The pharmaceutical composition of the present invention may be prepared using diluents or excipients such as fillers, extenders, binders, wetting agents, disintegrants, and surfactants. Solid preparations for oral administration include tablets, pills, powders, granules, capsules, and the like, and these solid preparations include at least one excipient in one or more compounds, such as starch, calcium carbonate, sucrose, or lactose ( lactose), gelatin, etc. In addition, in addition to simple excipients, lubricants such as magnesium stearate and talc are also used. Liquid preparations for oral administration include suspensions, liquid solutions, emulsions, syrups, etc.In addition to water and liquid paraffin, which are commonly used simple diluents, various excipients such as wetting agents, sweetening agents, fragrances, and preservatives may be included. have. Formulations for parenteral administration include sterilized aqueous solutions, non-aqueous solvents, suspensions, emulsions, lyophilized agents, and suppositories. As the non-aqueous solvent and the suspension solvent, propylene glycol, polyethylene glycol, vegetable oil such as olive oil, and injectable ester such as ethyl oleate may be used. As a base for suppositories, witepsol, macrogol, tween 61, cacao butter, laurin, glycero gelatin, and the like may be used.

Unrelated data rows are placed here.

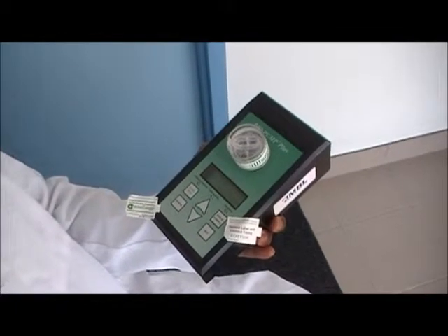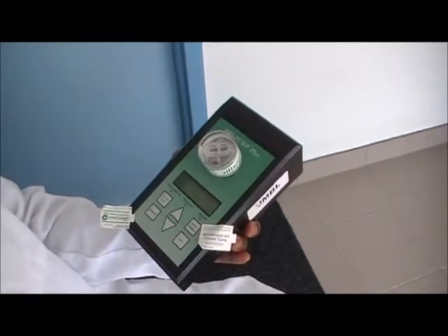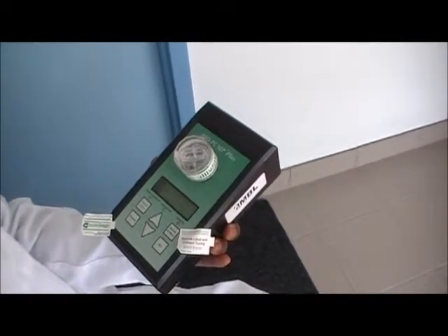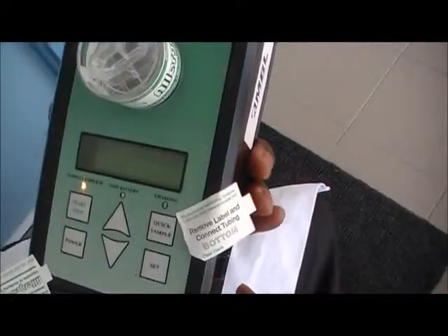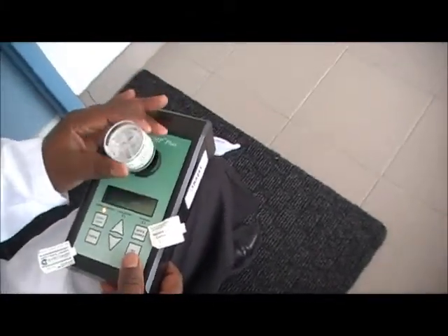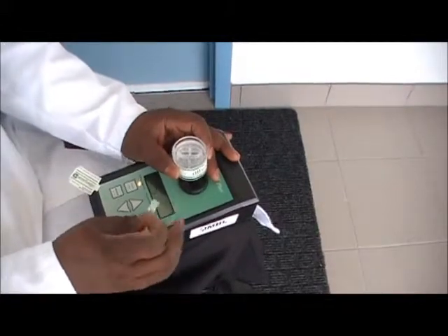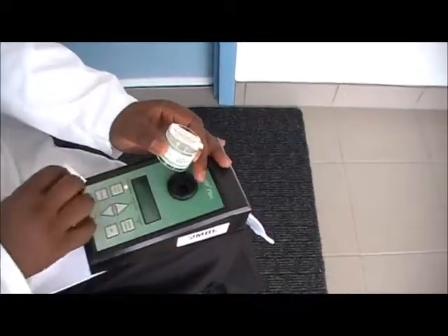All you need to do is remove your sample, replace the stickers, and you are done with that sample. That's very simple. Remember to keep the stickers because you have to replace them after the sample is taken.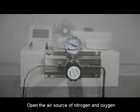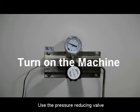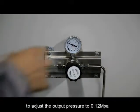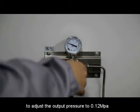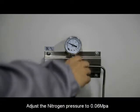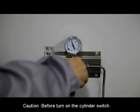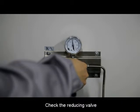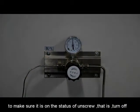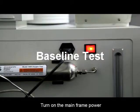Open the air source of nitrogen and oxygen. Use the pressure reducing valve to adjust the output pressure to 0.10 MPa. Adjust the nitrogen pressure to 0.06 MPa. Caution: before turning on the cylinder switch, check the reducing valve to make sure it is in the unscrewed — that is, closed — status. Then turn on the main power.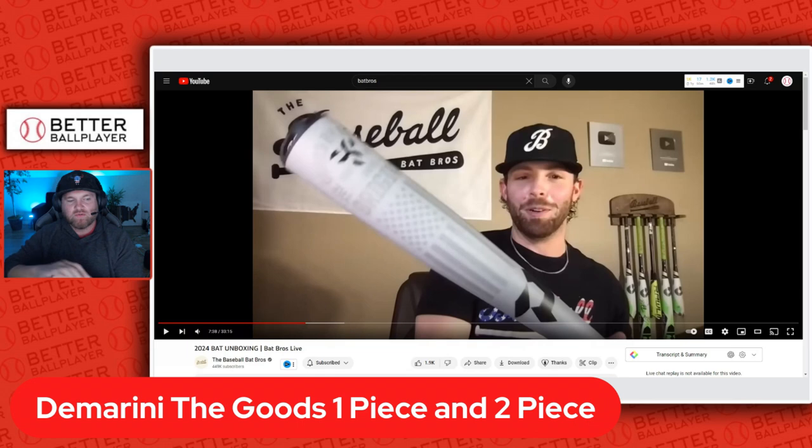On this video we have the new DeMarini The Goods One Piece and Two Piece. They always do a one piece and a two piece. Let's talk about the one piece first. As you can see on screen, that's the new color scheme for The Goods — it's got an awesome American flag on it with that matte gray grit finish. I think it looks awesome. The Goods is their alloy bat, specifically for BBCOR.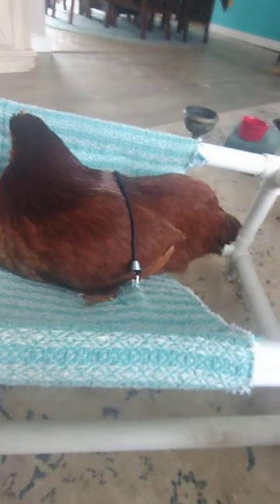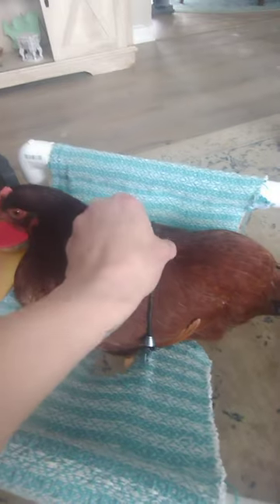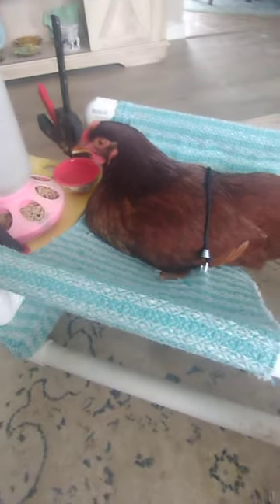Our brown chicken has been fitted with her little seat belt with a tiny little bungee cord. It's not overly snug but it's just snug enough that she will know not to flap her wings, and she will learn to get comfortable in her little wheelchair while her leg is healing.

The composition according to the present invention is administered in a pharmaceutically effective amount. In the present invention, the'pharmaceutically effective amount' means an amount sufficient to treat a disease at a reasonable benefit/risk ratio applicable to medical treatment, and the effective dose level is the type of disease, severity, and drug activity of the patient. , Sensitivity to drugs, time of administration, route of administration and rate of excretion, duration of treatment, factors including drugs used concurrently, and other factors well known in the medical field. The composition of the present invention may be administered as an individual therapeutic agent or administered in combination with other therapeutic agents, may be administered sequentially or simultaneously with a conventional therapeutic agent, and may be administered single or multiple. It is important to administer an amount capable of obtaining the maximum effect in a minimum amount without side effects in consideration of all the above factors, and this can be easily determined by a person skilled in the art.

The dosage of the composition of the present invention can be used in various ranges according to the patient's weight, age, sex, health status, diet, administration time, administration method, excretion rate, and severity of disease.

Hereinafter, the present invention will be described in more detail using examples. These examples are only for describing the present invention in more detail, and it is apparent to those of ordinary skill in the art that the scope of the present invention is not limited thereto.

1. Material purchase

Glycol chitosan (60% or more, degree of deacetylation = 91.6%), methyl acrylate (99%), methanol (anhydrous, 99.8%), ethylenediamine (99% or more), (methoxycarbonylmethyl) triphenylphos Phonium bromide (98%) and Nile Red were purchased from Sigma-Aldrich.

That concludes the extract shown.